The inherent complexity of SARS-CoV-2 makes it difficult for patients with COVID-19 to find effective treatments. The present study shows that alkaloids, as one of the most widespread natural compounds, hold out the hope for an effective treatment against COVID-19, due to their simultaneous effects on several therapeutic targets with prominent antiviral effects.
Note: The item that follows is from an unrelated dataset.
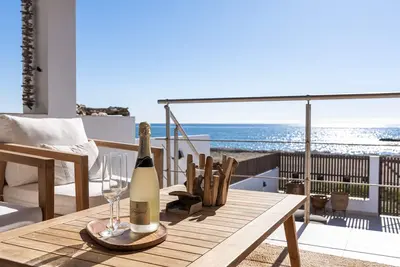 Image de Casa Leon - Beachfront Townhouse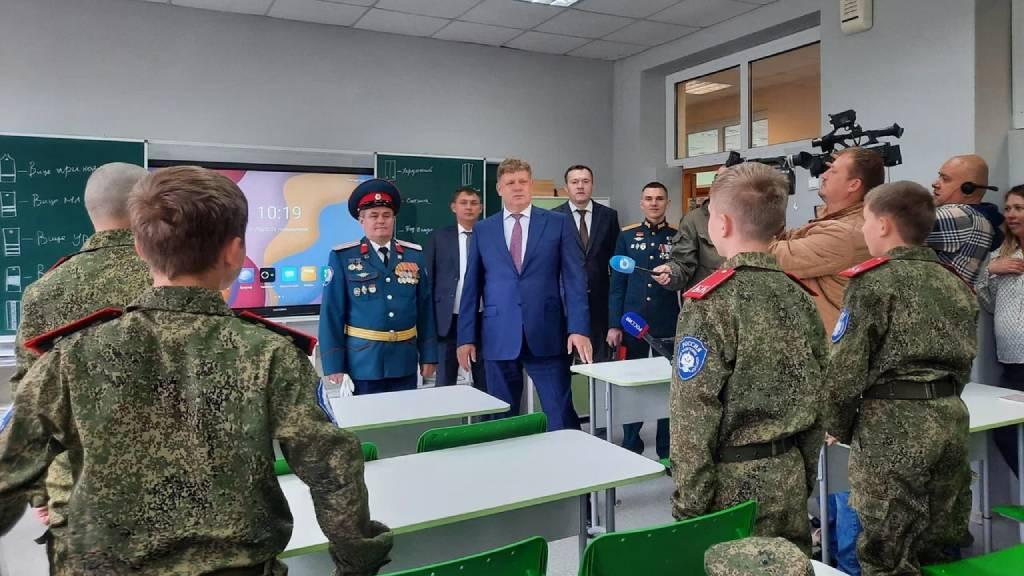 Фото: пресс-служба полпреда Президента РФ в СФО фото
Hence, marine/plant-derived alkaloids such as berberine, tetrandrine, cepharanthine, lycorine, ergotamine, crambescidin 786, palmatine, noscapine, and quinine with prominent anti-SARS-CoV-2 effects along with antipyretic, anti-inflammatory, antitussive and lung injury, immunomodulatory, and protective effects against neurotoxicity, cardiotoxicity, nephrotoxicity, and hepatotoxicity could be promising candidates for COVID-19 treatment [46, 48, 52, 64, 68, 76, 77, 79, 82, 93]. Therefore, according to the contents mentioned, extensive and comprehensive clinical studies on these compounds seem to be useful and necessary. Besides, the present study covers a much larger number of alkaloids with anti-SARS-CoV-2 effects and discusses the molecular mechanisms of these compounds in more detail [94, 95].